Trump’s nominees have had an even more challenging time discussing the Capitol insurrection. In June, for example, Rhode Island Democratic Senator Sheldon Whitehouse asked a slate of Trump nominees whether a “violent mob” had attacked the Capitol on January 6. This is a simple yes-or-no question to which anyone with internet access knows the answer. Yet the nominees, aware that Trump would treat a truthful answer as an unforgivable act of betrayal, demurred: It would be “inappropriate,” explained Missouri district court nominee Cristian Stevens, for him to weigh in on such a “highly contested political issue.” 

Screenshot via SJC


In the months before and since, other Trump nominees have answered similar questions by carefully referring to the 2020 results as the subject of an ongoing “political or policy debate.” Still others have refused to discuss the election or January 6 by citing the ethical obligations of nominees not to offer “political commentary” or draw “legal conclusions.” Of course, by declining to answer these questions directly, they made clear exactly what their answers would be.

Perhaps the most revealing demonstration of the fealty that Trump requires of his judges came from another Missouri district court nominee, Maria Lanahan, who responded to Whitehouse’s question about whether January 6 involved a “violent mob” by telling the Senate Judiciary Committee that because she was “not present at the U.S. Capitol at the time,” she lacked “personal knowledge” of the details. This is roughly analogous to expressing doubt about whether dinosaurs once roamed the planet because you, personally, never saw one yourself.

Screenshot via SJC


I obviously cannot know for sure whether these nominees are Trump dead-enders who sincerely believe the 2020 election was stolen, or if they are cowards debasing themselves for a fancy job, saying what they need to say to prevent an irate Trump from pulling their nominations in randomly capitalized Truth Social posts. But the answer is sort of beside the point: In a functioning democracy, no one willing to play footsie with such demented conspiracy theories would be anywhere near a life-tenured seat on the federal bench. Fortunately for them, this is the United States; all of these sycophants have since been confirmed by the Republican-controlled Senate, and are free to spend the rest of their legal careers repaying Trump for his benevolence.

During his second term, Trump has been using the powers of his office to erase any evidence of his previous efforts to overthrow the government he ostensibly led.
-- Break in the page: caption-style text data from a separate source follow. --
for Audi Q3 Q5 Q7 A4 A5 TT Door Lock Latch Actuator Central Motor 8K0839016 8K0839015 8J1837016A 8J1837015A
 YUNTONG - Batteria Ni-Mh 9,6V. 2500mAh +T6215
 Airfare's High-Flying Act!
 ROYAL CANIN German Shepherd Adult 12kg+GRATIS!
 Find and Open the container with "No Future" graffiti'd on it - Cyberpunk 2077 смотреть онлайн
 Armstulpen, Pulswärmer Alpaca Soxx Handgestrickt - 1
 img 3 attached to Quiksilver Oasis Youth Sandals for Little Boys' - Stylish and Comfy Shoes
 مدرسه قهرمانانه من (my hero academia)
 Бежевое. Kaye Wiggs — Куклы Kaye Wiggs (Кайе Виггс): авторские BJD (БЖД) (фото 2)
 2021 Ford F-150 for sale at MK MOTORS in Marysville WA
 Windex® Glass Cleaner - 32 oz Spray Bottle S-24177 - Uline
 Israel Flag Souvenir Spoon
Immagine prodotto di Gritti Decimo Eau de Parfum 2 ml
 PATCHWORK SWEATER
On Tuesday, the five-year anniversary of the January 6 attacks, the White House debuted a website that recasts the prosecutions as among the “darkest wrongs in modern American history,” and the rioters themselves as “patriotic citizens who had been viciously overcharged, denied due process, and held as political hostages.” As Quinta Jurecic points out at The Atlantic, the most robust remaining collection of objective facts about January 6 is probably now on PACER, preserved over thousands of pages of filings in prosecutions that Trump’s pardons formally wiped away. Those records, wrote D.C. District Court Judge Colleen Kollar-Kotelly in an opinion last year, “are immutable and represent the truth, no matter how the events of January 6 are described by those charged or their allies.”

Kollar-Kotelly is right about this. But over the next three years, Trump will continue to replace judges who are willing to acknowledge what actually happened on January 6 with judges who owe their confirmations to their willingness to parrot craven lies about it. He has already purged the Department of Justice, the Republican Party, and the conservative movement of everyone who is not a loyalist. The federal bench is just the next institution on the list.